When it comes to the bond auction, might it not be better to use an Ebay like system, where creditors specify their *minimum* interest rate, and countries specify their max. And creditors are given the maximum interest rate possible.
So let's say creditors A, B, and C want to buy Austrian bonds. Austria sets his max interest rate at 10%, and wants to sell 3 bonds.
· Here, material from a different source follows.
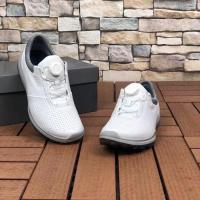 ราคา Golf Shoes Ladies ecco Genuine Leather Spikeless Anti Slip Sneakers Couple GAWH (19690331933)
Creditor A sets his minimum interest rate to 15%, and so gets no bond, Creditor B wants to buy 2 bond with a minimum of 8%, and Creditor C wants to buy 2 bonds at a minimum of 5%.
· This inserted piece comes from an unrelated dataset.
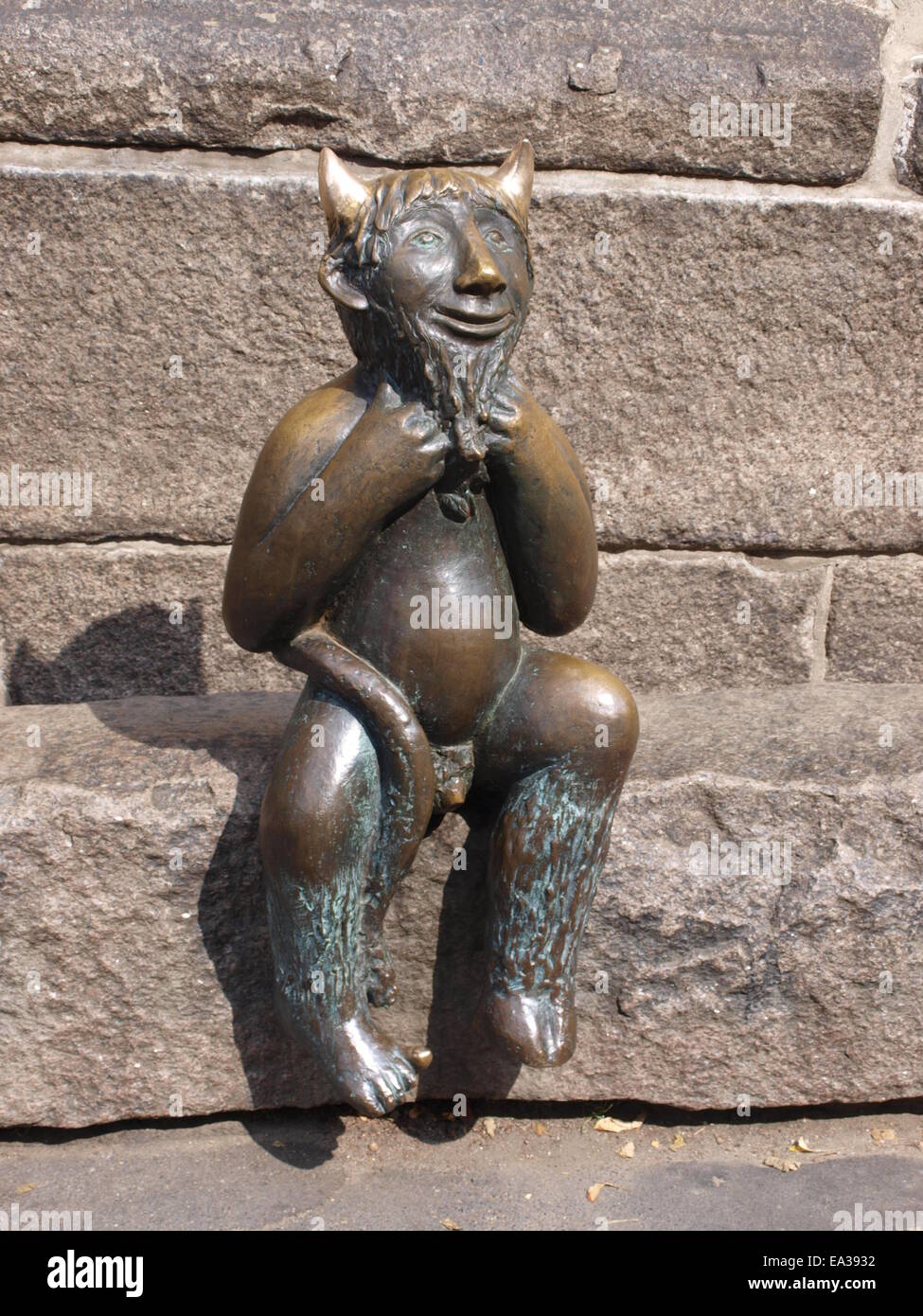 La figure du diable à l'église Sainte Marie dans Banque D'Images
Creditor C gets preference and ends out with 2 7% bonds(just below B's level, we don't allow fractions), and is taken out of the running, while creditor B gets 1 bond at 10% (he has no more competitors).
The lowest bids get filled first, and then the higher bids, until no bids are left.
In this way we can have a simulated "auction" without going through the degree of work of an actual auction, and we get better pricing. Rather then putting in actual bids, you'd be behaving as a "broker", getting the best deals possible depending on the conditions given to you by participants.
I think there'd be less room for exploits, and there'd also be no penalty if you enter a bid much lower then anyone else, you can still get a decent price just below the others.
However, it's probably better to try a number of bidding systems and see how they stick. Different bidding systems can lead to undesirable behaviour.